The Camp Fire in California devastated the town of Paradise and the death toll keeps mounting as new bodies or remnants keep turning up. Those who have managed to escape are now trying to find shelter in order to begin a new phase in their lives. Some lucky ones have already found temporary shelters while others have moved in with relatives.

Sky News reports Butte County Sheriff's Office has indicated the revised official list of missing persons in the wildfire as 631. Their whereabouts and fate remain unknown and the figure is considerably more than the earlier figure of 297.

The extent of damage was beyond imagination and the situation was chaotic, hence the confusion. Sheriff Kory Honea explained to the media that - "I want you to understand that the chaos we were dealing with was extraordinary."

Massive rescue operation under way

In the opinion of the authorities, the high number of fatalities could be because of high-speed flames fanned by strong winds. Paradise is a relatively small town with a population of 27,000 and the suddenness of the wildfire took them by surprise.

They had very little reaction time. Teams of cadaver dogs are helping the search operations while thousands of firefighters are battling the blaze.

The California Department of Forestry and Fire Protection (Cal Fire) has provided some tentative figures for losses. It seems the wildfire destroyed 8,700 homes and more than 15,000 buildings stand threatened.

The Camp Fire spread to nearly 140,000 acres and was contained to the extent of 40%.

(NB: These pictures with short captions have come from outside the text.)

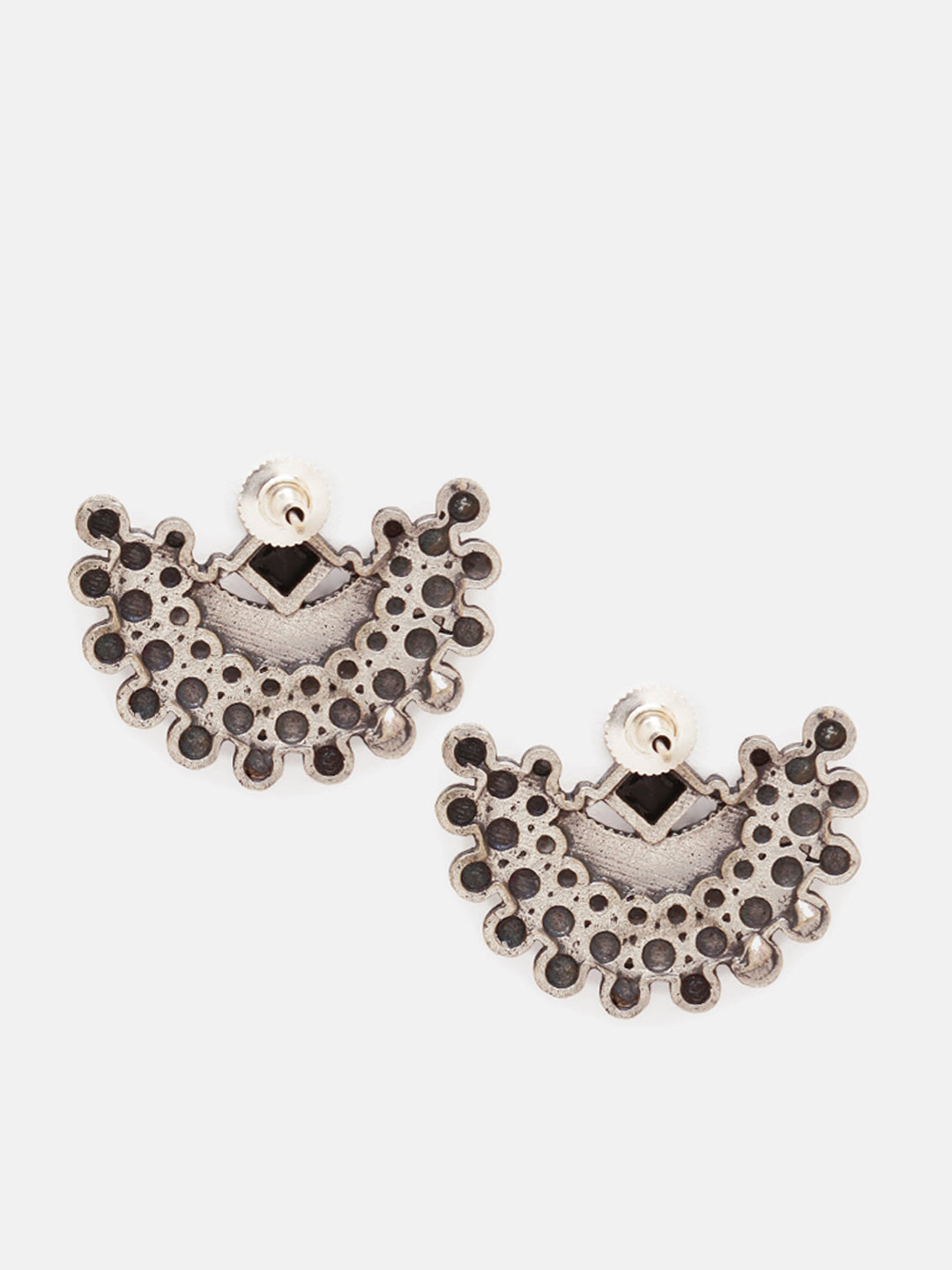 Priyaasi Silver Plated Red Oxidized Kemp Stud Earrings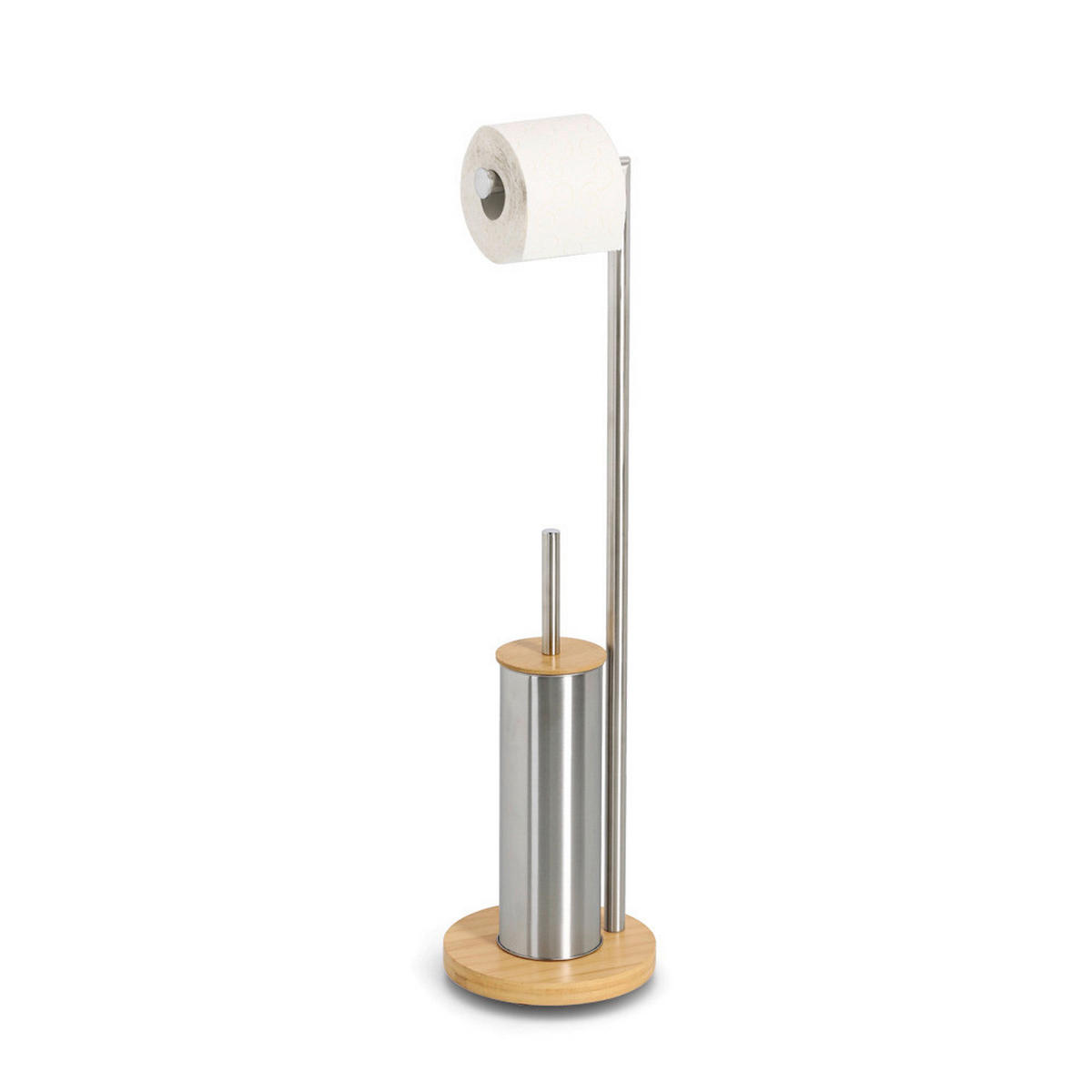 WC-Garnitur silber hellbraun Bambus WC-Garnitur - hellbraun/silber (19,00/19,00/72,50cm) - Zeller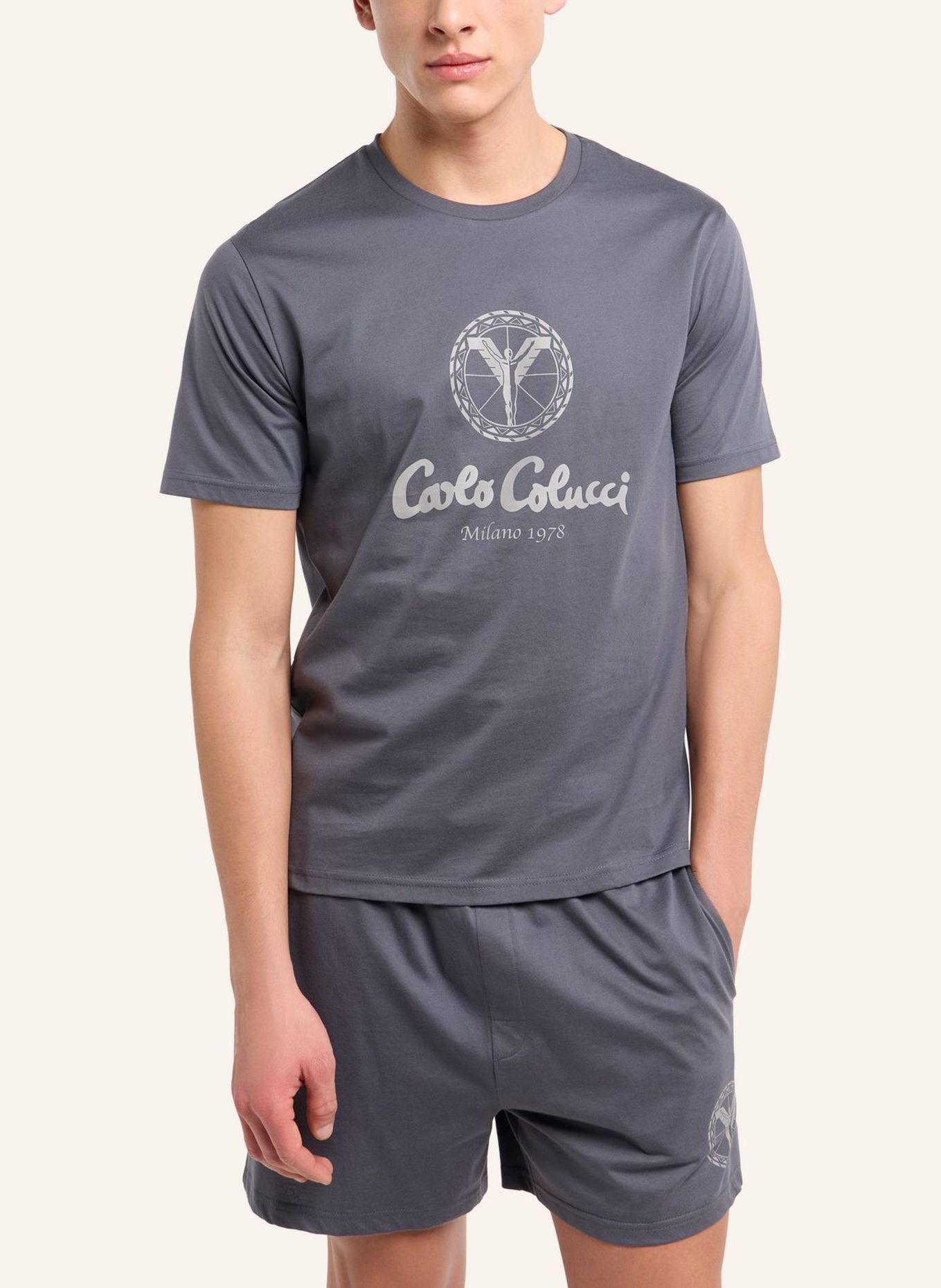 CARLO COLUCCI Herren Shorty Pyjama Set FERREMI: GRAU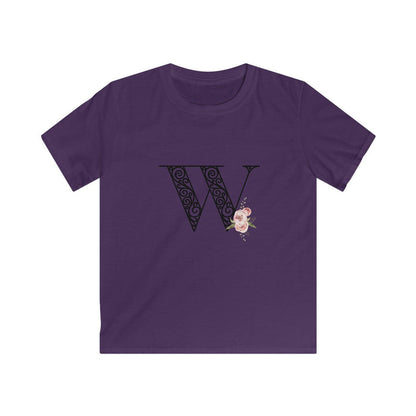 Floral Letters: Letter W - Kids Softstyle Tee - Whippie's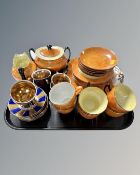 A tray of twenty one piece Czech lustre tea set together with a further blue and gilt continental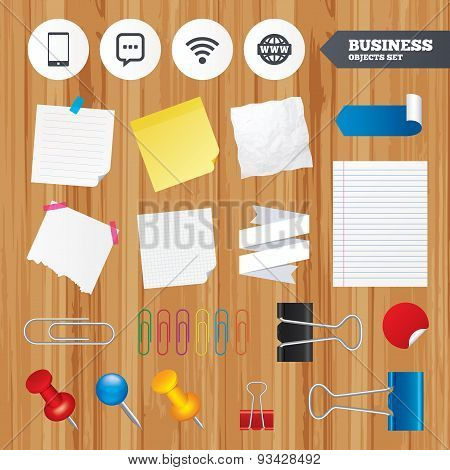 Communication icons. Smartphone and chat bubble.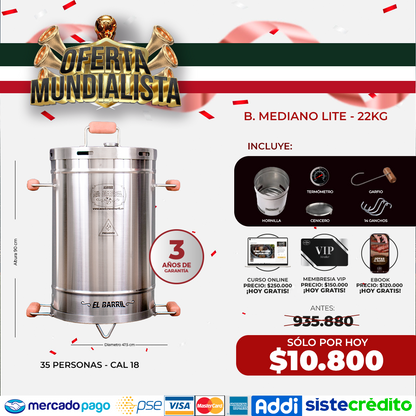 Combo Mundialista!!- Barril Ahumador Todo en 1 + 7 Obsequios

White House informs that president Donald Trump will visit California on Saturday and interact with those who are affected. The US president had initially blamed the state officials for the wildfire. He even threatened to withhold federal payments.

However, there seems to be a change in his perception.

Cause of the fire still not known

According to The Globe and Mail, the death toll in the California wildfire is 63 with more than 600 missing. Wildfires are not new to California but this one erupted a week ago in the drought-parched Sierra foothills. It is now one of the most lethal single U.S. wildfires since the turn of the century.

There could be a number of factors responsible for the high death toll. Some of these are the wind-driven flames, aggravated because of the scrub and trees in its path. Many of the survivors are now moving in temporarily with friends or relatives or trying to go to American Red Cross shelters.

Butte County Sheriff Honea has explained that the list of missing persons will keep fluctuating depending on the availability of more information. The cause of the wildfire is under investigation. There are reports from a couple of electric utilities about equipment problems near the blazes around the same time and experts are examining these.